Background: Ibrutinib (Ibr) has demonstrated a significant progression-free survival and overall survival benefit compared to chemotherapy in multiple phase 3 studies in patients with previously untreated and relapsed/refractory chronic lymphocytic leukemia (CLL)/small lymphocytic lymphoma (SLL). Patients with CLL/SLL who continue treatment with single-agent Ibr experience better survival outcomes than those who discontinue treatment within the first 2 years. Adverse events (AEs) may be managed, and treatment outcomes are optimized through Ibr dose reduction (DR). Recent real-world data have shown that patients with a DR after an AE had longer time to next treatment (TTNT) than those without a DR and that this trend was consistent among patients with cardiac and noncardiac AEs (Shadman et al, EHA 2023). Here we continue to evaluate the impact of DR on real-world outcomes using data from electronic medical records (EMRs).

Aims: This study estimates the real-world impact of DR following an AE among patients with CLL/SLL.
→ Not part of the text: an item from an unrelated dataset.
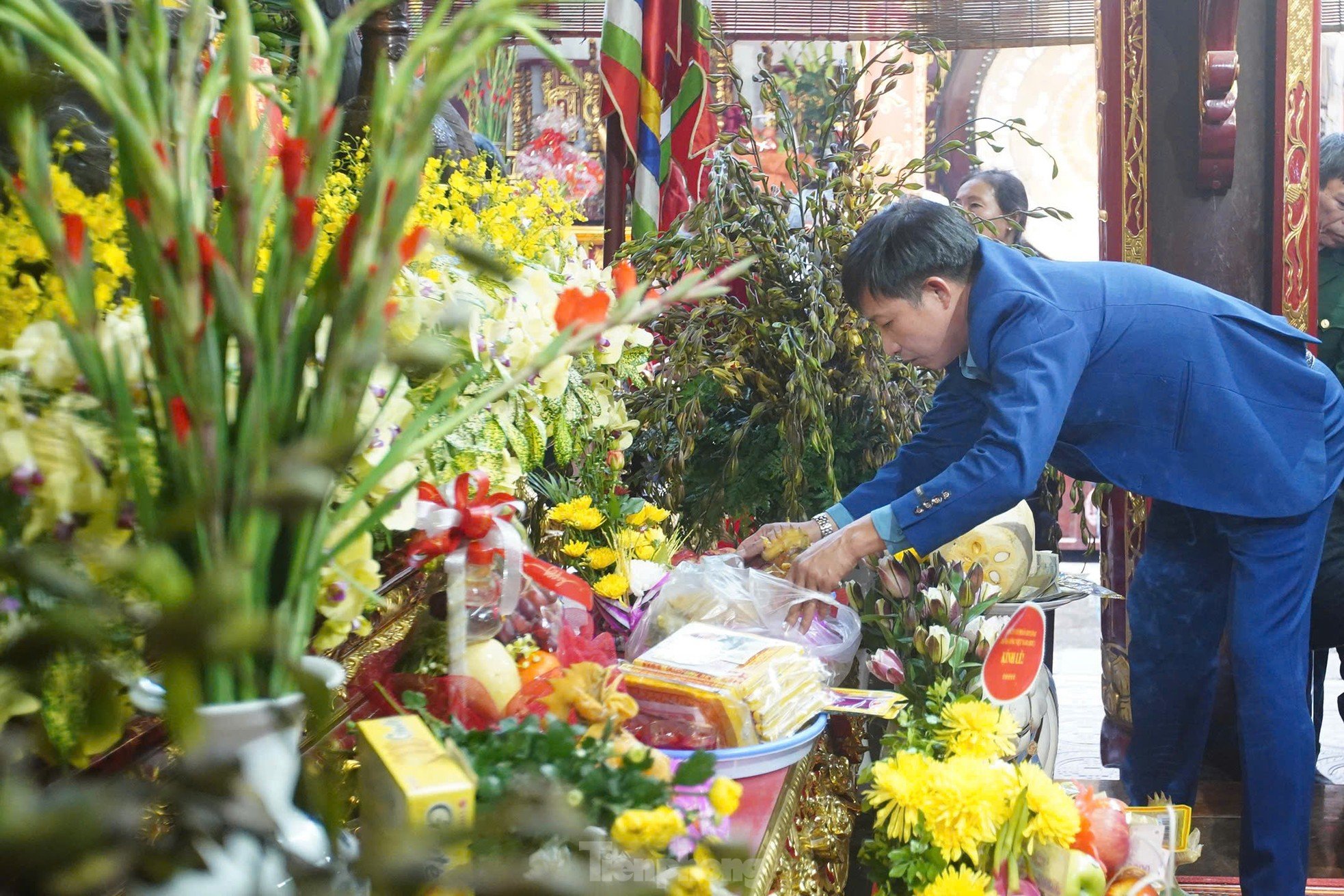 ประชาชนแห่เข้าวัดตรังก่อนพิธีเปิด ภาพที่ 12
Methods: Previously untreated adults diagnosed with CLL/SLL on or after February 12, 2013), who were treated with 420 mg single-agent Ibr on or after Feb 12, 2014 (Ibr approval date) were analyzed using EMRs from the ConcertAI database (February 12, 2013−May 1, 2022). Patients were included if they had a cardiac or noncardiac AE after single-agent Ibr initiation at 420 mg per day without any DRs/escalations prior to first AE occurrence (index date). Patients were excluded if they received an antineoplastic agent ≤6 months prior to starting first-line (1L) Ibr, an antineoplastic agent or combination therapy within 28 days of Ibr use, second-line therapy within 30 days of index, hematopoietic stem cell transplant, CYP3A inhibitor during 1L Ibr or before start of the second-line, an experimental therapy in clinical trials, or were diagnosed with other malignancies for which Ibr is indicated within 6 months prior to Ibr initiation. Demographics, clinical characteristics, and TTNT were described following AE occurrence among patients with and without DRs. A DR was defined as a dose lower than 420 mg per day on or after the date of first AE post-Ibr initiation, per pharmacy records. Cardiac AEs included atrial fibrillation, ischemic heart disease, heart failure, hypertension, and cardiomyopathy. Noncardiac AEs included febrile neutropenia, anemia, neutropenia, pancytopenia, thrombocytopenia, diarrhea, abdominal pain, musculoskeletal pain, rash, and pneumonia. TTNT sensitivity analyses requiring next-line treatment to occur ≥180 days after 1L initiation or considering a switch to another BTKi or death as censoring events were also conducted.

Results: Overall, 522 patients were included in the analysis; 420 patients (80%) without a DR and 102 patients (20%) with a DR. Patients with a DR were slightly older than those without (median age: 74.5 vs 70 years); a lower proportion of women had a DR compared with men (43% vs 57%). Among patients with and without a DR, the median time to the first incident AE was 42 days and 65 days, respectively. Among patients with a DR, 68 (67%) were able to resume the full 420 mg per day Ibr dose after DR. Mean time between Ibr initiation and end of 1L Ibr treatment was significantly longer in patients with a DR compared with those without (553 days vs 464 days; P = 0.012). Fewer patients with DR had a next treatment (47%) than those without a DR (55%). Median TTNT was significantly longer in patients with DR (27 months, 95% CI: 21, 44) compared with those without (18 months, 95% CI: 15, 20) (P = 0.007) (Figure). TTNT results were similar in each sensitivity analysis.

Summary/Conclusion: Among patients with CLL/SLL treated with 1L Ibr, those with doses reduced after experiencing an AE remained on 1L Ibr longer compared with those who did not have the dose reduced. Ibr dose adjustments may support patients with CLL/SLL remaining on 1L Ibr longer.